- _Work to complete_: Each line of the data must reappear exactly in your answer, with no images included.

▼

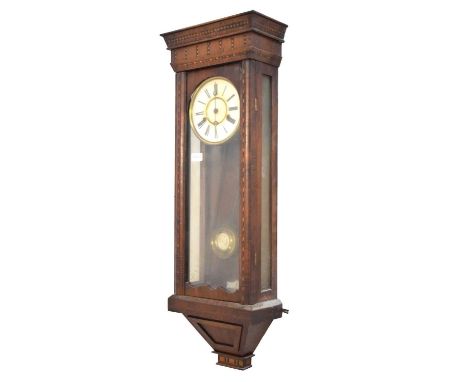 Inlaid walnut wall clock circa 1900, probably French, with Vienna-style white Roman dial, the case with satinwood banding enc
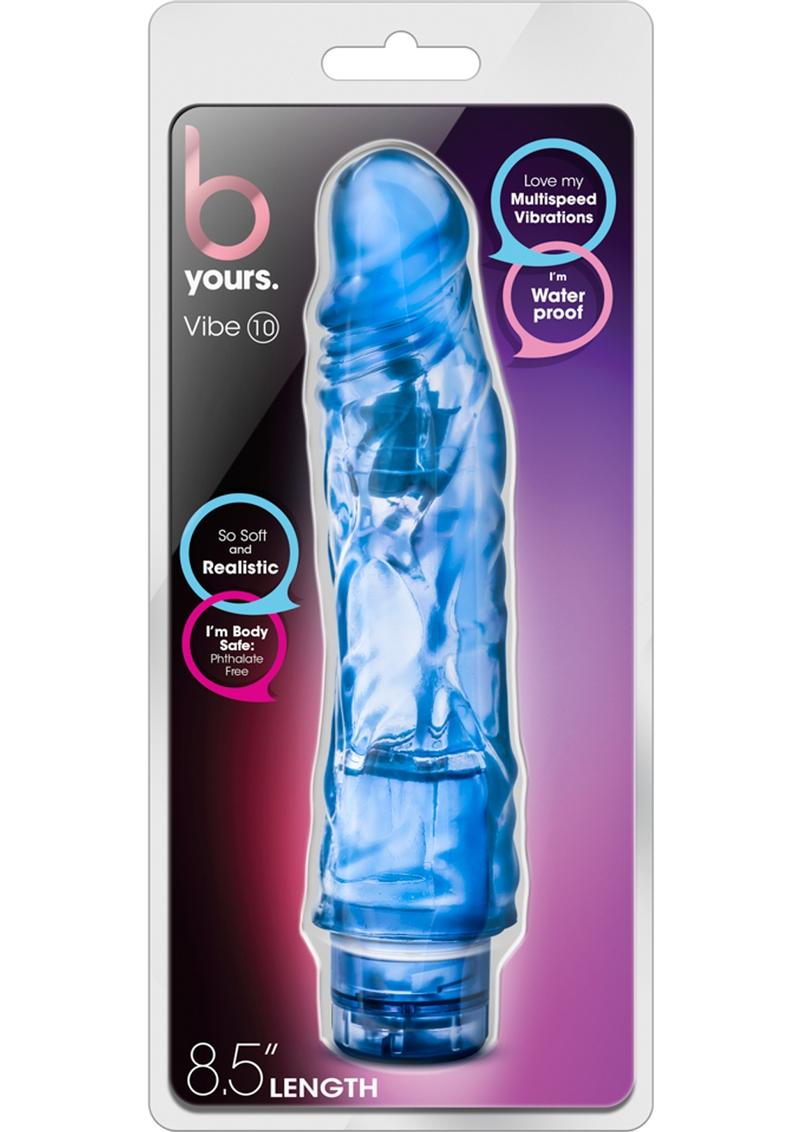 B Yours Vibe 10 Realistic Jelly Vibrator Waterproof Blue 8.5 Inch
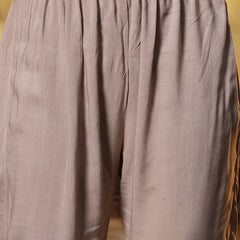 Stylum Women's Brown Printed & Embroidered Satin Straight Kurta Pant Dupatta Set (KPDBROWNEVA)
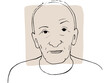 Hand-draw outline portrait of old man with light beige sample color.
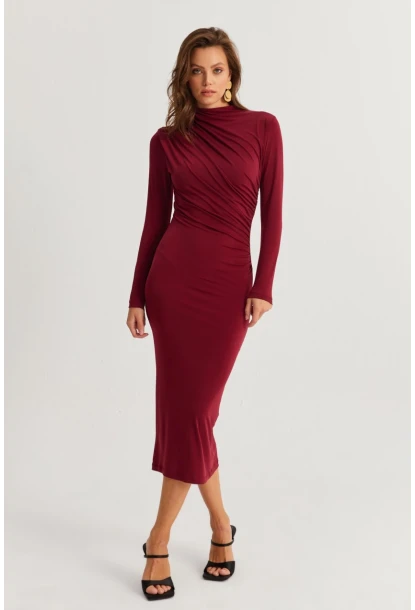 Kadın Bordo Drape Maxi Elbise DMR377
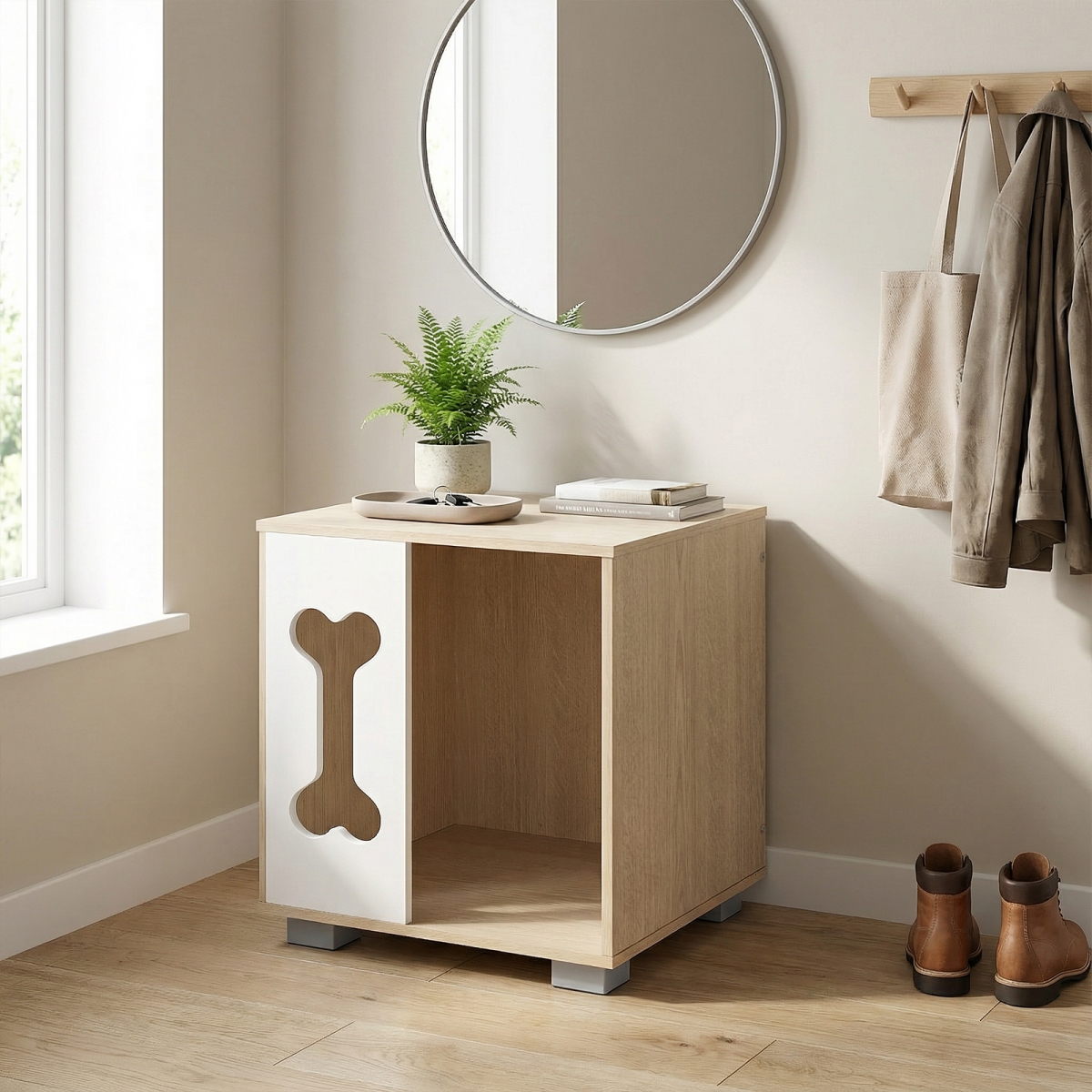 JV13839OK Cat Bed Side Table Wooden Cat Condo with Bone-Shape Window & Thick Metal Legs - Natural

▲

- _Answer below_:
 Inlaid walnut wall clock circa 1900, probably French, with Vienna-style white Roman dial, the case with satinwood banding enc
 B Yours Vibe 10 Realistic Jelly Vibrator Waterproof Blue 8.5 Inch
 Stylum Women's Brown Printed & Embroidered Satin Straight Kurta Pant Dupatta Set (KPDBROWNEVA)
 Hand-draw outline portrait of old man with light beige sample color.
 Kadın Bordo Drape Maxi Elbise DMR377
 JV13839OK Cat Bed Side Table Wooden Cat Condo with Bone-Shape Window & Thick Metal Legs - Natural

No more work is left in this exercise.